__PROVIDED DATA__.
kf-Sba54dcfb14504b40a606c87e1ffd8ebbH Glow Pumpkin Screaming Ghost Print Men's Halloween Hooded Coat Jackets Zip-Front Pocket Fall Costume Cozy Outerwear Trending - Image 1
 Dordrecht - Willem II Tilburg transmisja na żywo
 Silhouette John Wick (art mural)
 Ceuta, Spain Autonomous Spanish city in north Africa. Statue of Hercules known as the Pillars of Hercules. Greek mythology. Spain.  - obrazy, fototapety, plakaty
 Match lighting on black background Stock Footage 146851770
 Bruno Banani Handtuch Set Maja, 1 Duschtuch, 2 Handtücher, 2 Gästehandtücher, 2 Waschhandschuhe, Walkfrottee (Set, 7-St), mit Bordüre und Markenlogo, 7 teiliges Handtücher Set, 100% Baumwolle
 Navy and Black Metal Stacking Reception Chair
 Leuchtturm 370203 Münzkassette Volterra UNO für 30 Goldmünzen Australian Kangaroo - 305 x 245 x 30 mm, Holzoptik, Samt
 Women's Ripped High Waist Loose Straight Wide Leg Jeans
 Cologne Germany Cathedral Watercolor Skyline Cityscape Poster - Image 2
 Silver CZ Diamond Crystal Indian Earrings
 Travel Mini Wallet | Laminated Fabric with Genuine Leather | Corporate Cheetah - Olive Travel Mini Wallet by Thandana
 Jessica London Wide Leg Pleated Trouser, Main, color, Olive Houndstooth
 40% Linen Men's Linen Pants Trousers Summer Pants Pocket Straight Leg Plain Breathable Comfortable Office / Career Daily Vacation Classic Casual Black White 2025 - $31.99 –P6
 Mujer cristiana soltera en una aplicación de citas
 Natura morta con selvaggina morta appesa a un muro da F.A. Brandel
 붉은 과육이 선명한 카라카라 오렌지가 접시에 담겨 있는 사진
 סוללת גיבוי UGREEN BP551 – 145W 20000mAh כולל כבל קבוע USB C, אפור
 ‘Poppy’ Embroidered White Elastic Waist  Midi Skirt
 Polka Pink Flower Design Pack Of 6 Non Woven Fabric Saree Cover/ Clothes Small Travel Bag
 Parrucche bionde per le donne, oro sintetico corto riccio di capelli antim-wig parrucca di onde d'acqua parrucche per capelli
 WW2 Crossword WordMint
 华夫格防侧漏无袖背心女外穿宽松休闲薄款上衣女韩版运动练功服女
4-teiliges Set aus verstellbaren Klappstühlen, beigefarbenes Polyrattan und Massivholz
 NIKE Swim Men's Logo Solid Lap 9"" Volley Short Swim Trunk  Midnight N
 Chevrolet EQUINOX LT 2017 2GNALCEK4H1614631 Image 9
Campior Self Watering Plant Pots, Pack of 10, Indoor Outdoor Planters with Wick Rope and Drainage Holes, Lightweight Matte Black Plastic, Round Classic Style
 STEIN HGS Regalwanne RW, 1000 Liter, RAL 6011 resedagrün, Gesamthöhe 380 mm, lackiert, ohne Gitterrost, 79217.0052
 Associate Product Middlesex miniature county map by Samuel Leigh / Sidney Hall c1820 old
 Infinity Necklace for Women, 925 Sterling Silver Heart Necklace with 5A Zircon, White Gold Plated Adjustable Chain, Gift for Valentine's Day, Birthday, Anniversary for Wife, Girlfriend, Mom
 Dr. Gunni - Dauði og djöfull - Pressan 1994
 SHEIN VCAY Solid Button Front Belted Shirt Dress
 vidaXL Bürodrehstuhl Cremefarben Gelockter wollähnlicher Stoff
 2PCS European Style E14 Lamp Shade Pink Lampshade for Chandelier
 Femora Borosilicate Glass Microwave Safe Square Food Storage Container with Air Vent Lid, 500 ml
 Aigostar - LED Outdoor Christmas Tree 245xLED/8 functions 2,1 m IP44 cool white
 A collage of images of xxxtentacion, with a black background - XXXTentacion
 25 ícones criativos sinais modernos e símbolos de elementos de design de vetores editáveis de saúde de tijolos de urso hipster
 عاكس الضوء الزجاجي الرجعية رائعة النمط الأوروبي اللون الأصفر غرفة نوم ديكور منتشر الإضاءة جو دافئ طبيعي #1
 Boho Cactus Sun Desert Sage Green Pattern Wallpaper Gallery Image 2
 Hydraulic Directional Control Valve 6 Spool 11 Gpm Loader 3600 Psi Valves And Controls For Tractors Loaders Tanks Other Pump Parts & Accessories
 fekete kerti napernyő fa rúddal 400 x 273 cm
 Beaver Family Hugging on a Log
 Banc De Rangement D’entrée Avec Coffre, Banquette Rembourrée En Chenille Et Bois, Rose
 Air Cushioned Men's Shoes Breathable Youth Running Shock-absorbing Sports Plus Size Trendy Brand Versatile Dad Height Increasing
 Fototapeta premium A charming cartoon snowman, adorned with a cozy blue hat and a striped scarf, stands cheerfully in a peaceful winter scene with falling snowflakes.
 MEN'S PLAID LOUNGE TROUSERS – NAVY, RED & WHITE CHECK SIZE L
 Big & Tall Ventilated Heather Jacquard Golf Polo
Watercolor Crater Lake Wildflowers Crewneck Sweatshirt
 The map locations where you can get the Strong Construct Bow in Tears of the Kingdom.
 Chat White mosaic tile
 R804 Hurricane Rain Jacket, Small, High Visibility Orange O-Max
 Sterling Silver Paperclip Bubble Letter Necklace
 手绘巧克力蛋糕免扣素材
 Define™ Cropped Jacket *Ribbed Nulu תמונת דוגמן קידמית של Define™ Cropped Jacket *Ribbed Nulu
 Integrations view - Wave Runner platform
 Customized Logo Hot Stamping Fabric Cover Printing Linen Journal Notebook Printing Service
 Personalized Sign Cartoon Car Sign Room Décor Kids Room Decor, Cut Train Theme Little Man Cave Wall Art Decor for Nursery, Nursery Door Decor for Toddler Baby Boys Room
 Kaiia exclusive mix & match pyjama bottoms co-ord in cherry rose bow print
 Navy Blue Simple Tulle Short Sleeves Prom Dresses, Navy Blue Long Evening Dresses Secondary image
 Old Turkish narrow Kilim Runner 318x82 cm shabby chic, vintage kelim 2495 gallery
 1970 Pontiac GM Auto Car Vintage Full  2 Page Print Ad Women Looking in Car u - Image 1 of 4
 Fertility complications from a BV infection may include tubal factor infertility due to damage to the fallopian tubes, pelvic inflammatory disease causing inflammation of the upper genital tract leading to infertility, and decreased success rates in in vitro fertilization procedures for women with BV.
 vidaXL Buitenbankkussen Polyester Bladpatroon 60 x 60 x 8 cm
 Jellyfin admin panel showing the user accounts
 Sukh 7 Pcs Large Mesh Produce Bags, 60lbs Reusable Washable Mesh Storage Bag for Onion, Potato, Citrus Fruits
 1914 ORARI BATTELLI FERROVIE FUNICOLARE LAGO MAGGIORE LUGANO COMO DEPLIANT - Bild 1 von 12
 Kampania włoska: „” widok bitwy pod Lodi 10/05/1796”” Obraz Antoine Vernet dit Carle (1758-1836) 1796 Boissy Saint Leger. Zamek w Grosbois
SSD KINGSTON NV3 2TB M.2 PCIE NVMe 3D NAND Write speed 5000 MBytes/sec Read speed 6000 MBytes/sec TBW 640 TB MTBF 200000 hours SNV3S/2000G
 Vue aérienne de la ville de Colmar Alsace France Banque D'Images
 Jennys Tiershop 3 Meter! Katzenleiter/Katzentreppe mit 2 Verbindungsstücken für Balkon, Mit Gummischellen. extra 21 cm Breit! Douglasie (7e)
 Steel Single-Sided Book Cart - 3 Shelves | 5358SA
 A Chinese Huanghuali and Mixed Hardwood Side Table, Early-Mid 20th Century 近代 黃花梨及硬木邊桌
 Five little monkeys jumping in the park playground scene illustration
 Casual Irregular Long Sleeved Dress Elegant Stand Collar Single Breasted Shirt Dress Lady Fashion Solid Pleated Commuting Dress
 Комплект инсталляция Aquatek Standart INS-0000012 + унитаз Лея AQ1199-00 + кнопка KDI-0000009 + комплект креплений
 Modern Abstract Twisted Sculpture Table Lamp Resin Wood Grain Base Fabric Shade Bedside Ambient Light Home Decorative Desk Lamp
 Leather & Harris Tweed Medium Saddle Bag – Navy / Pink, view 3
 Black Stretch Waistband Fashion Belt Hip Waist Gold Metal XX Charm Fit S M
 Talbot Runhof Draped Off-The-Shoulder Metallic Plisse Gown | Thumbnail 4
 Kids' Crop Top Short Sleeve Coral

__YOUR GOAL__.
Give again, word for word, every line of the listing above from the one with "Zamek w Grosbois" to the one with "Jennys Tiershop 3", both inclusive, and nothing beyond them.

__TASK ANSWER__.
 Kampania włoska: „” widok bitwy pod Lodi 10/05/1796”” Obraz Antoine Vernet dit Carle (1758-1836) 1796 Boissy Saint Leger. Zamek w Grosbois
SSD KINGSTON NV3 2TB M.2 PCIE NVMe 3D NAND Write speed 5000 MBytes/sec Read speed 6000 MBytes/sec TBW 640 TB MTBF 200000 hours SNV3S/2000G
 Vue aérienne de la ville de Colmar Alsace France Banque D'Images
 Jennys Tiershop 3 Meter! Katzenleiter/Katzentreppe mit 2 Verbindungsstücken für Balkon, Mit Gummischellen. extra 21 cm Breit! Douglasie (7e)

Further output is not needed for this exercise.